TASK ITEM
Without including any pictures, write out all the entries exactly.

──────── SUPPLIED ENTRIES

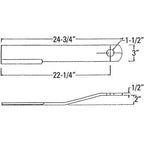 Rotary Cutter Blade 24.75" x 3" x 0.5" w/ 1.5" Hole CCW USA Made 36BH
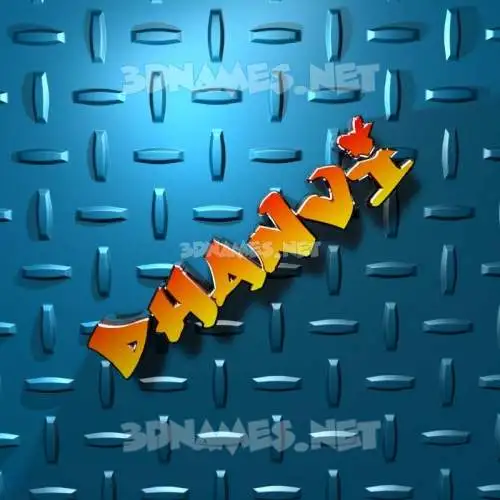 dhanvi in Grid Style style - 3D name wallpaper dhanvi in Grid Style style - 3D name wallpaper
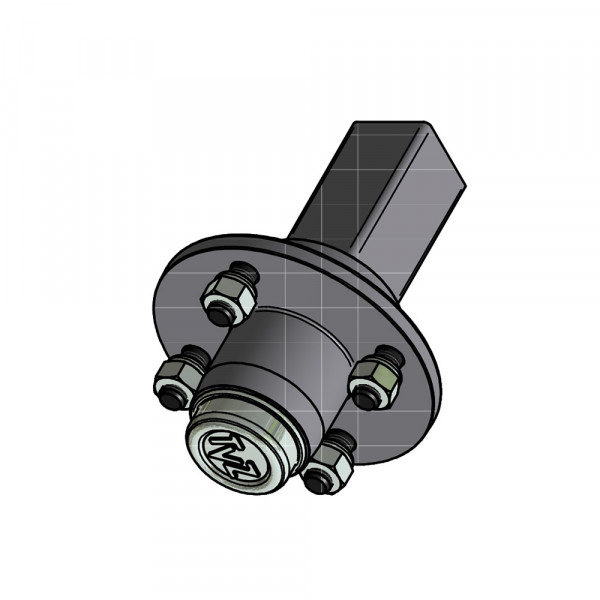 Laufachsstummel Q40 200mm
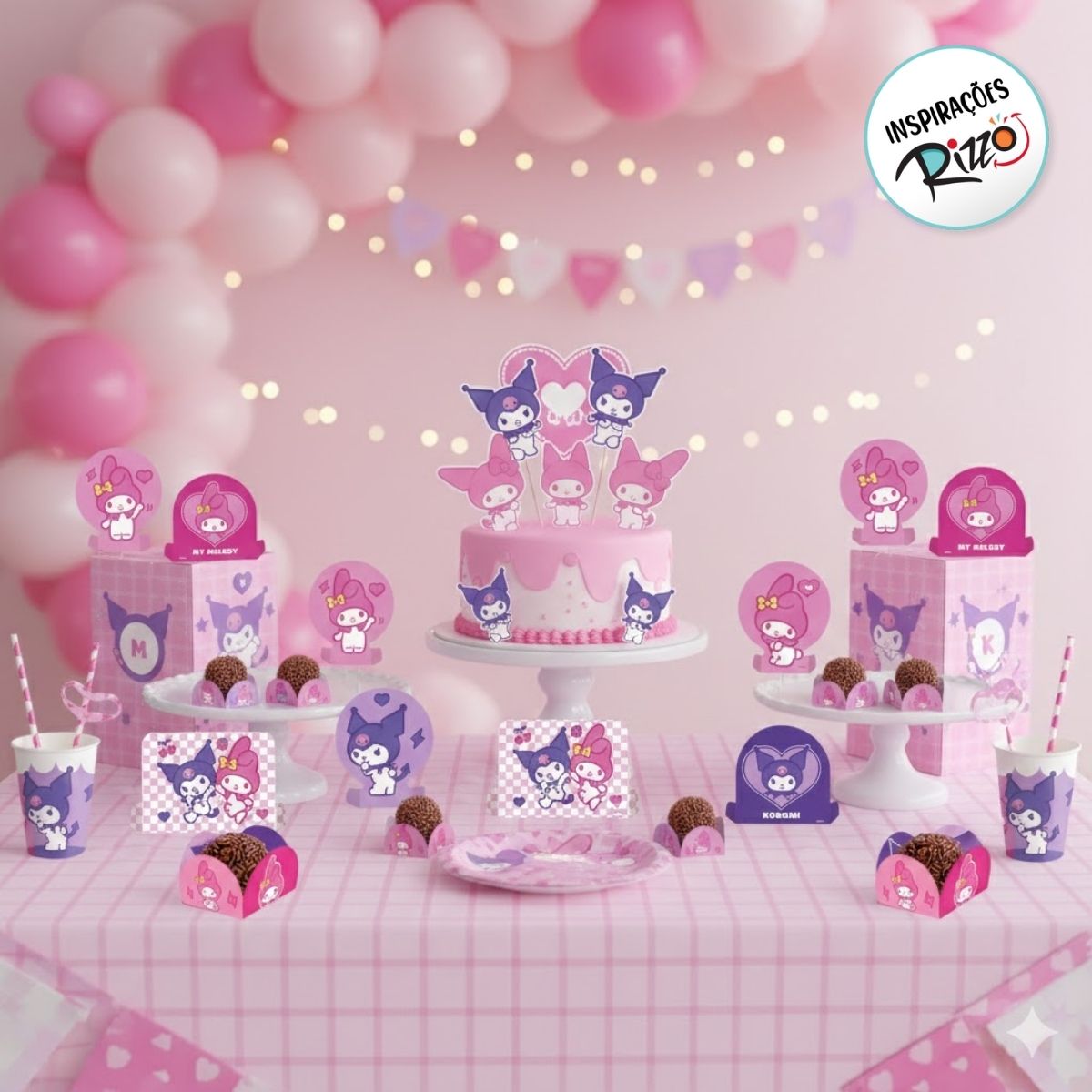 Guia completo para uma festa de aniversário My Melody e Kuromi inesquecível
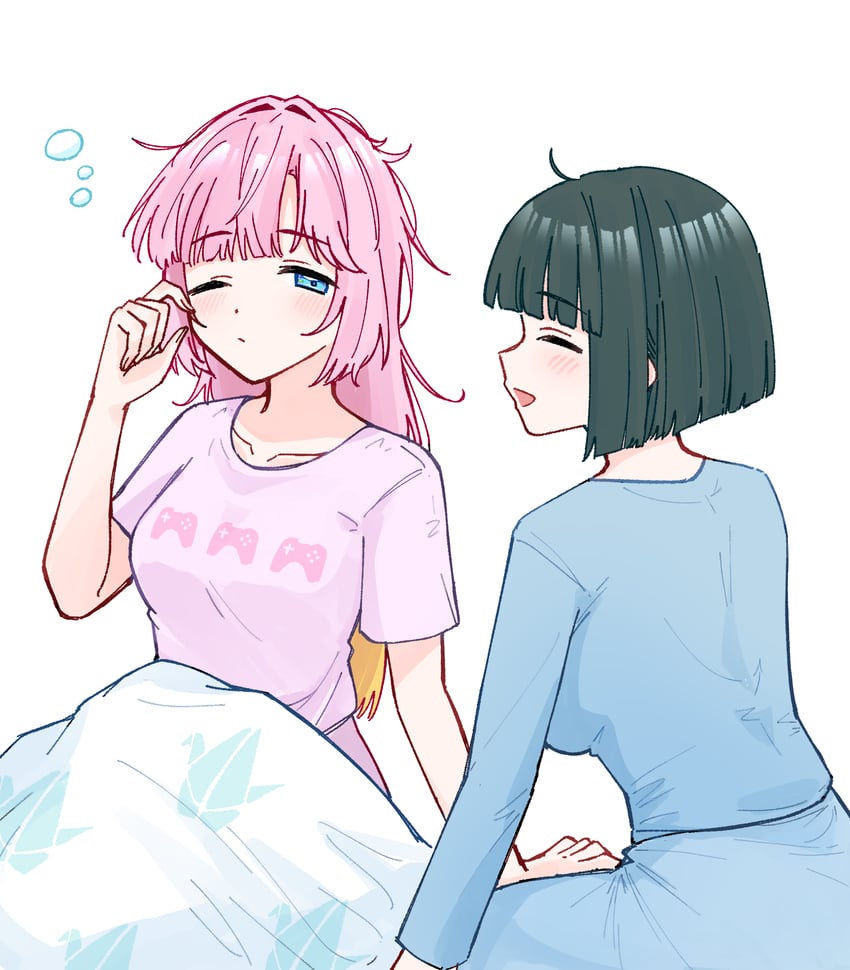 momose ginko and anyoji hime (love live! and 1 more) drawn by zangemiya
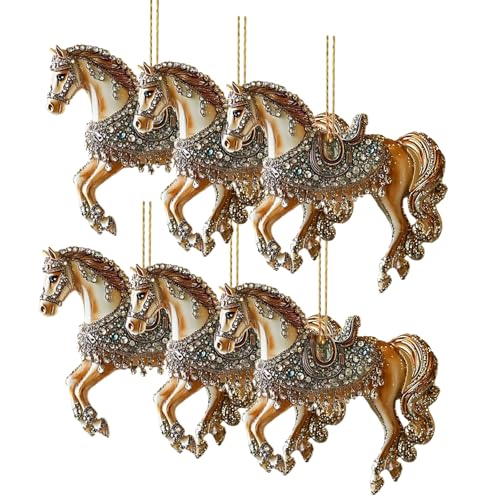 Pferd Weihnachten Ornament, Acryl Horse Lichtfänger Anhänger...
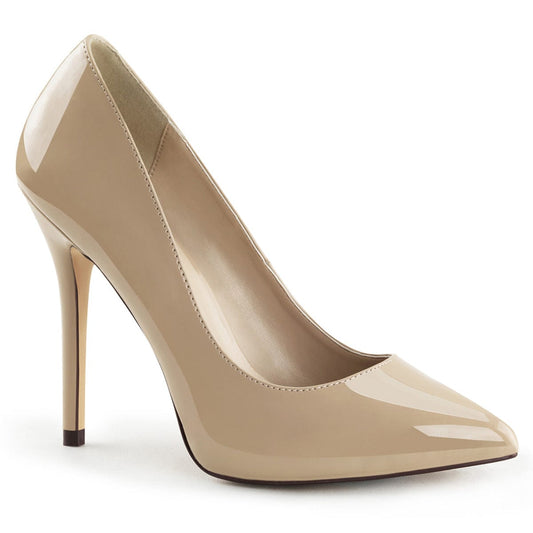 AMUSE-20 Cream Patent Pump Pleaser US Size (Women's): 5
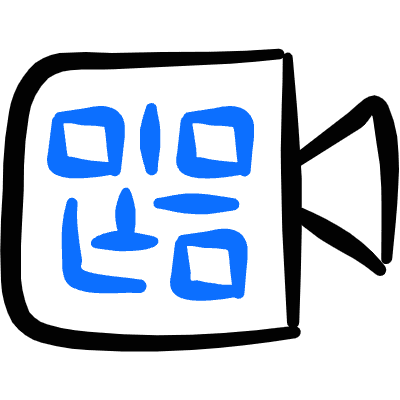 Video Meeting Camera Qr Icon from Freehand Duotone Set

────────────────

RESULT FOR THIS TASK
 Rotary Cutter Blade 24.75" x 3" x 0.5" w/ 1.5" Hole CCW USA Made 36BH
 dhanvi in Grid Style style - 3D name wallpaper dhanvi in Grid Style style - 3D name wallpaper
 Laufachsstummel Q40 200mm
 Guia completo para uma festa de aniversário My Melody e Kuromi inesquecível
 momose ginko and anyoji hime (love live! and 1 more) drawn by zangemiya
 Pferd Weihnachten Ornament, Acryl Horse Lichtfänger Anhänger...
 AMUSE-20 Cream Patent Pump Pleaser US Size (Women's): 5
 Video Meeting Camera Qr Icon from Freehand Duotone Set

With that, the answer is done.